この後、石ノ森章太郎自身の手で描き上げる機会は何度かあったにも拘わらず、「構想は出来上がっている」としながら先延ばしにし、結局、自身の手による完結はせずに逝去した。

しかし、病床の中で書き遺したアイデアノートがあった事で、石ノ森章太郎の息子である小野寺丈が小説としてまとめ、それを石ノ森章太郎の元アシスタント二名がマンガ化する事で生まれたのが今回の完結編である。

石ノ森章太郎がアイデアノートを書いたのが入院中だとしたら、それまで折りにふれ語っていた、構想は出来上がっているという言葉は「大筋はできているが、まだ未完成だった」という事になるが、まあそこは、やっぱりなという感じの印象だった。
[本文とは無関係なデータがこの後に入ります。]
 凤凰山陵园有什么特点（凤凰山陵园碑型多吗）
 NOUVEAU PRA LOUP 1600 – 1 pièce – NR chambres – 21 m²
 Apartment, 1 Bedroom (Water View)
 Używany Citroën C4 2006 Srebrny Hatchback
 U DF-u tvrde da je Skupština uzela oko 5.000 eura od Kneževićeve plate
自分はこの作品、石森プロ出身のマンガ家のレベルの高さがあればこそ実現できた作品だと思っている。

漫画家や小説家は、基本的に一代限りである。
どんなに凄い作品を書いた作家であろうと、その作家が亡くなれば、それを継承できる事はまずないだろう。

小説家と比べたら、漫画家はアシスタントという存在がいるので、多少は継承できる可能性があるが、それでも師匠そのままの画を受け継げる人ははほとんどおらず、師匠のテイストに似ていたとしても、そこに自分の画が入り、独自の画になっていく。

そんななかで、今回の作品を描いたふたりは、敢えて自分の作風でなく、石ノ森章太郎の作風を模倣したからこそいい雰囲気になっている。
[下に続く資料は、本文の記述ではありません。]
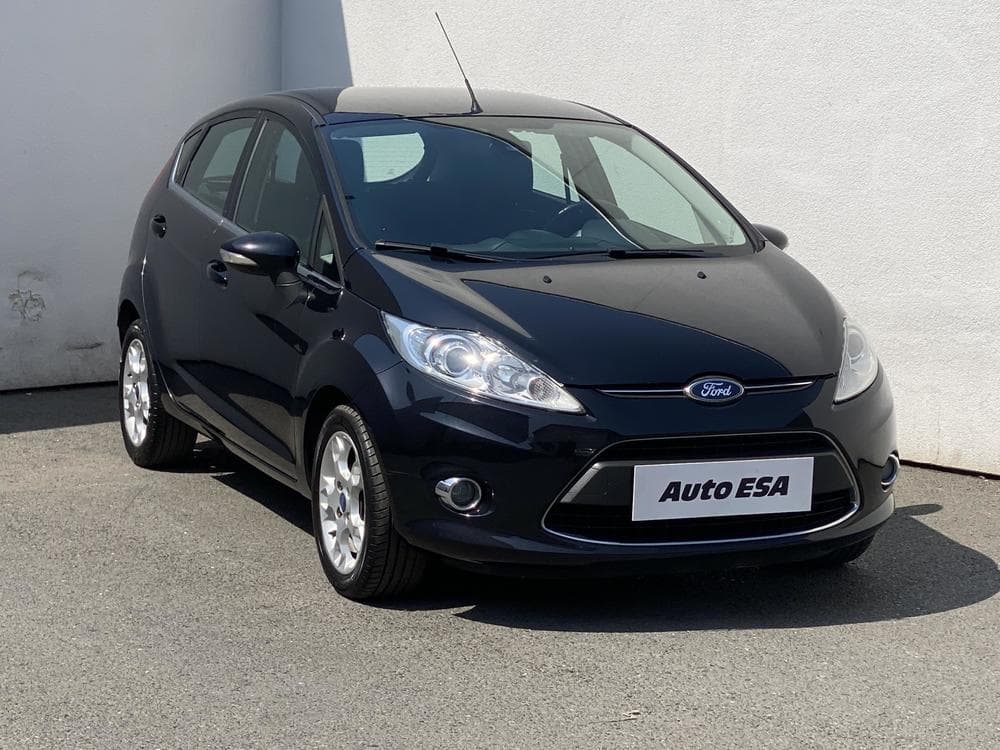 2011 Ford FIESTA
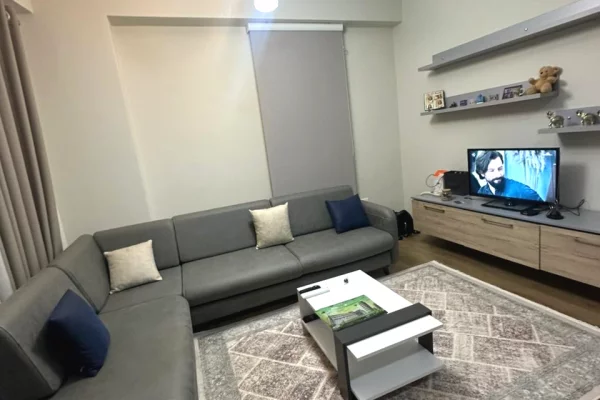 Shitet apartament1+1 rezidenca Kaimi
自分でマンガを描くような画に詳しい人からしたら、コマ割りや演出など細かい点が違うという意見もあるだろうが、一般的なマンガ読者からすれば、「サイボーグ009」として、十分受け入れられる範疇だろうと思う。

この作品のあらすじについては、既にいろんな方が紹介してるので省かせてもらうが、敢えていうなら、これまでに描かれた「天使編」、「神々との戦い編」のどちらの続編でもなく、これらをリセットし、新たに描き直した作品になっている。
漫画家や小説家は「神」を題材にしたものを扱うと、作品づくりの為の取材や資料収集に飽き足らず、宗教的なものをより深く追求したくなるようだ。
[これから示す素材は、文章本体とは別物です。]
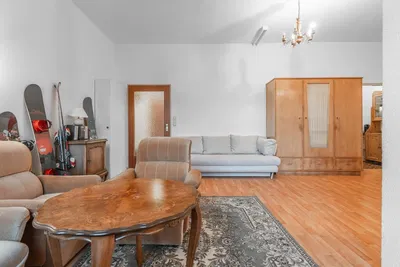 Salon; parquet, lumière naturelle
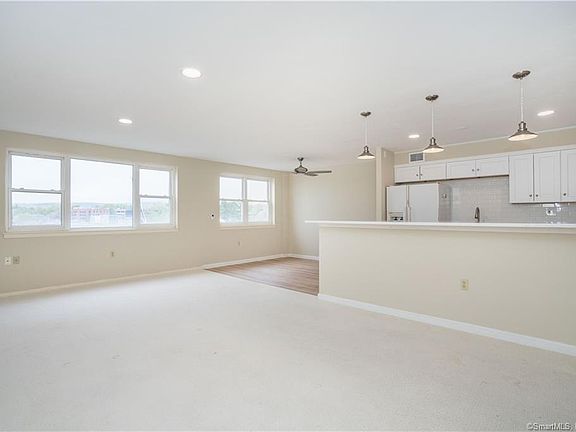 4th image of 893 Farmington Ave APT 3C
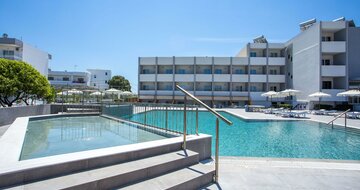 Hotel Tsampika - bazén - letecký zájazd CK Turancar (Rodos, Faliraki)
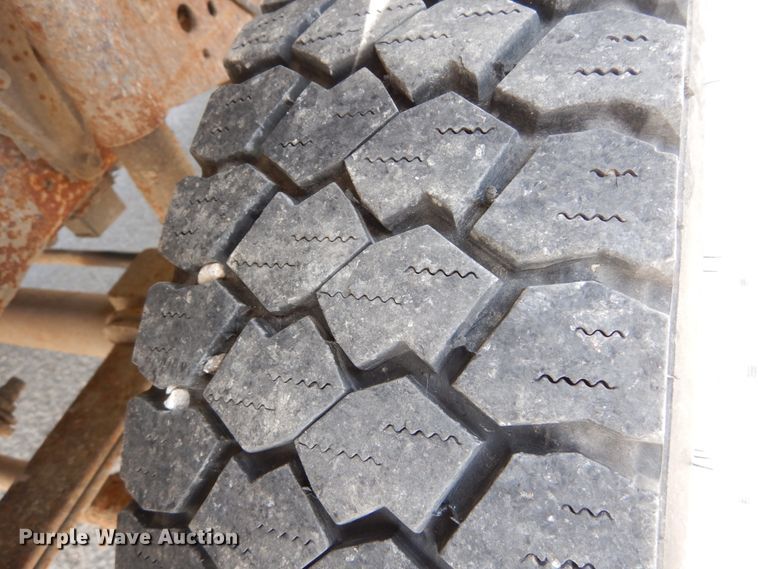 image for item IY9533 2001 Ford F550 Super Duty XL  dump truck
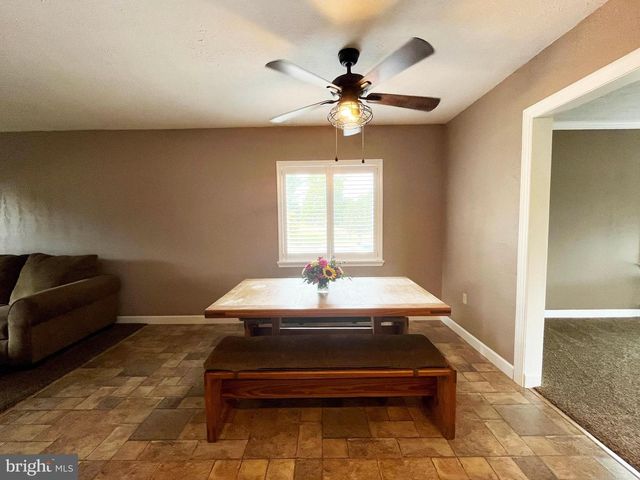 877 KING LEAR DR, Charles Town, WV 25414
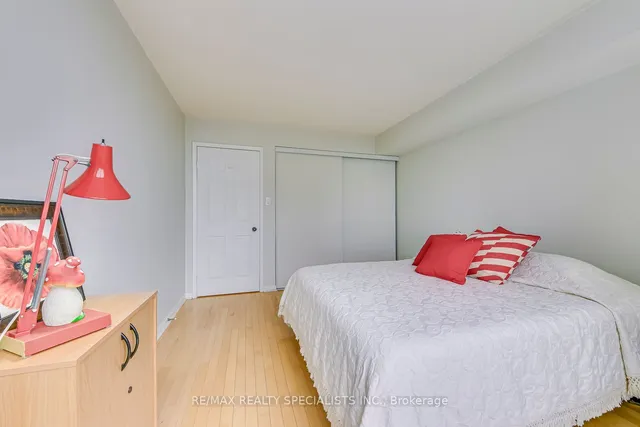 Additional image 24 of 50 Eglinton Ave Unit 403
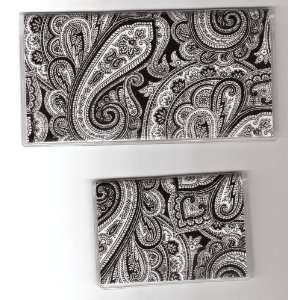   Debit Set Made with Black and White Paisley Fabric 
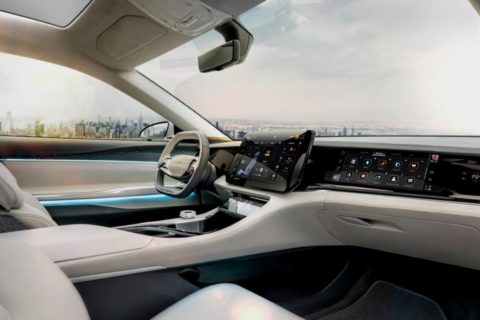 Stellantis accelera sulle auto del futuro con Mobil Drive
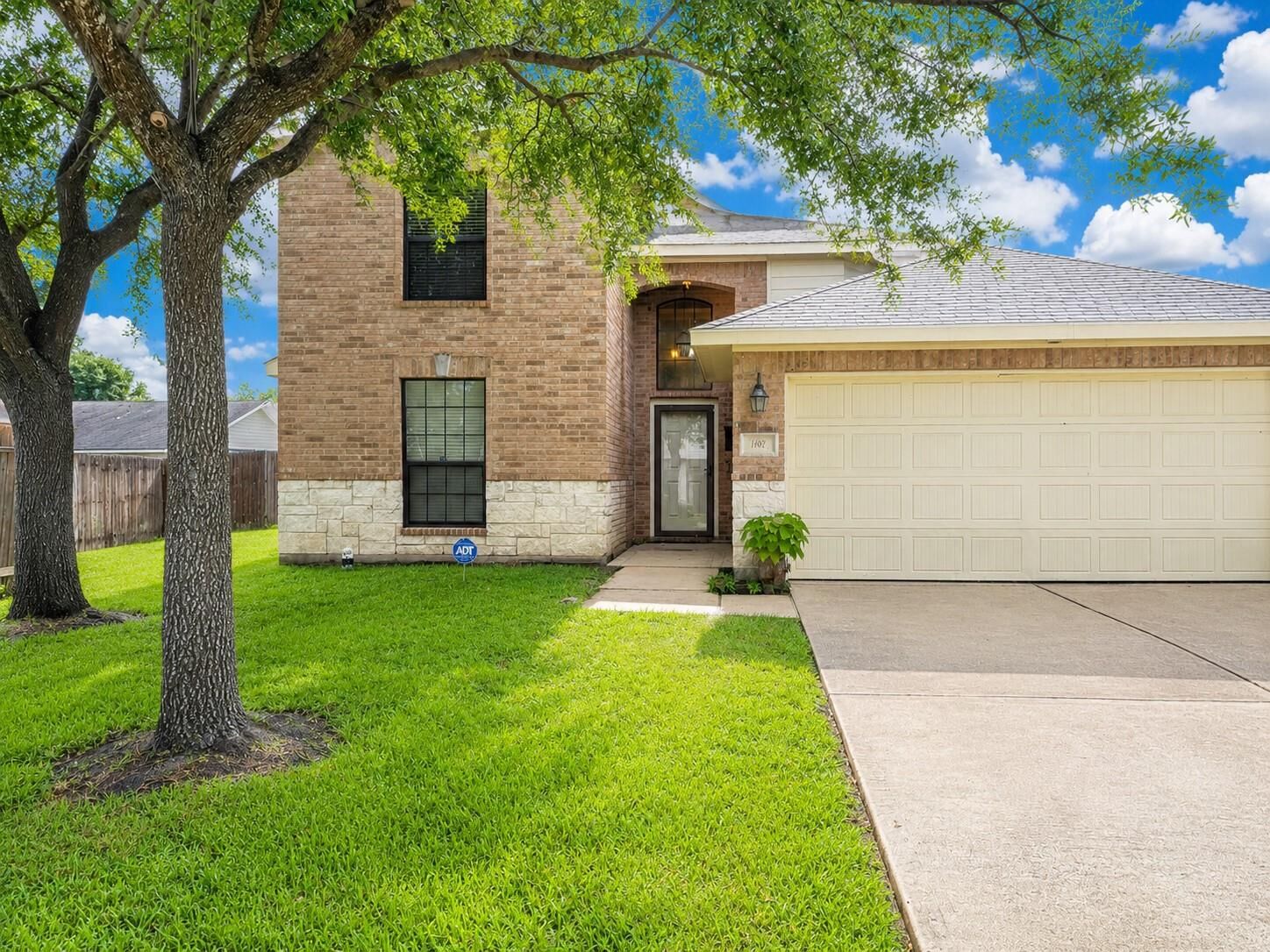 Property Photo:  1602 Halpern Street  TX 77009 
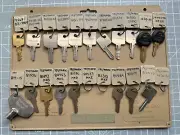 LOCKSMITH LOT - TRIMARK/SOUTHCO MOTOR HOME KEYS WITH ORGANIZER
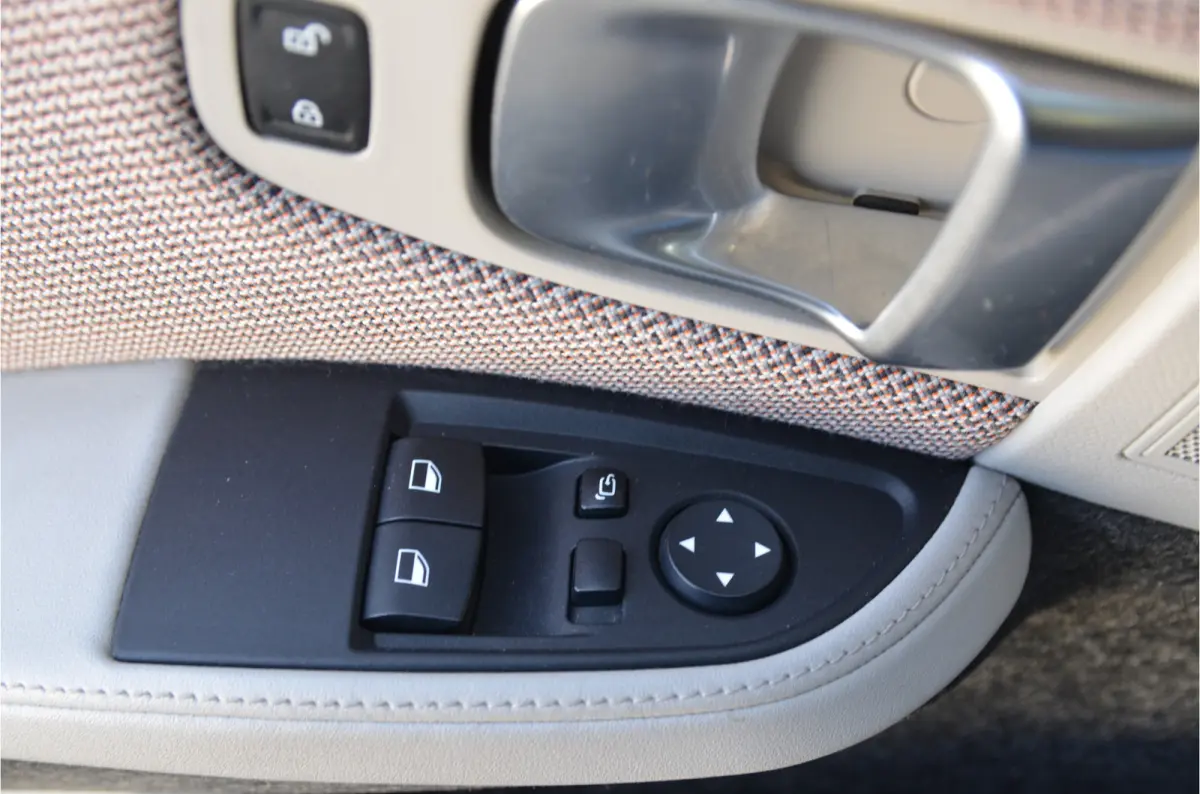 S 120Ah 42 kWh Warmtepomp, AppleCarplay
そして、それぞれ捉え方に違いはあるものの精神世界へ行き着く。

そこからこれまで以上に作者の視野が広がり、想像力が膨らむのならいいが、自分の知る範囲ではそうなった作家はいない。

神を題材として書かれた「聖書」や「神話」も、遥か昔に誰かが創作したものである以上、そこに登場する神もその人による想像の産物だと自分は思っている。

そこに出て来る神に影響を受け、それを深く掘り下げたところで、それまでにその作者達が磨き上げてきた独自のイマジネーションを曇らせてしまうだけだという事になぜ気づかないのだろう?

石ノ森章太郎も、それまではイマジネーションのみで綴った作品「ジュン」などを描いていたが、神話や民話などを取り入れた「神々との戦い編」以後、そういったイマジネーション主体の作品は描いておらず、また、石ノ森SF自体も以前のようなキレがなくなった気がする。

今回009達が戦った神々も、石ノ森の遺したアイデアノートに描かれたものを基にしてると思うが、石ノ森のオリジナルは出て来ず、シゥ゛ア神やキリスト、大仏などが登場していた事からも、石ノ森章太郎から、残念ながらかつてのような想像力は失われてしまっていたのを感じた。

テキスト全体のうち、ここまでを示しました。